Date: 22 January 2024
Time: 3-4pm UK Time
Venue: Informatics Forum 1.16 and Zoom
Author/Speaker: Almog Simchon
The Microtargeting Manipulation Machine
In recent years, there has been a growing concern over “psychological microtargeting”, in which psychological features that cannot be directly observed, such as personality characteristics, are inferred from online behaviour and personal data, and are used to customize manipulative messages, for example to provoke political action/inaction or to spread misinformation. Such microtargeting is opaque to online users and its effects, to the extent that they are understood, should give rise to concern. Hence, there is an urgent need to “reverse engineer” microtargeting strategies by uncovering the targeting algorithms in action. This talk presents a proof of concept for such algorithmic reverse engineering. We suggest that the detection of personality-congruent language can inform future interventions to alert users when they might be targeted on the basis of their inferred personality.
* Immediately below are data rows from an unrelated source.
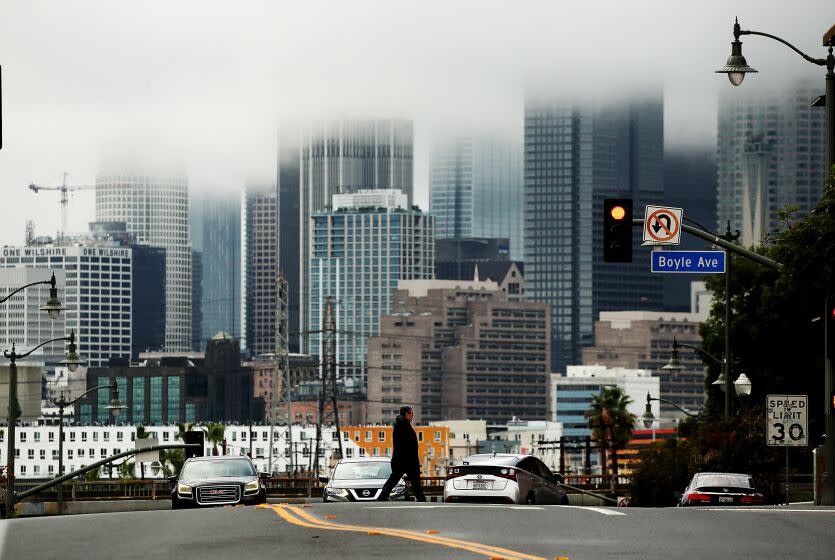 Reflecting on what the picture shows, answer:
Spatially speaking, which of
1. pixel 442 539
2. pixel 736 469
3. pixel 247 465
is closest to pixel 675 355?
pixel 736 469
About the Speaker: Almog Simchon is an Assistant Professor in the Department of Psychology at Ben-Gurion University of the Negev. Formerly a Senior Research Associate at the University of Bristol and a member of its Technology Democracy and Cognition (TeDCog) group led by Stephan Lewandowsky. Almog completed his PhD at Ben-Gurion University of the Negev in 2021.
As a computational social psychologist, Almog’s research examines how social media, social psychology, and language interact. His work addresses issues of political polarization, misinformation, and emotion. He studies these issues using a combination of experimental psychology, big data analyses, machine learning, and natural language processing.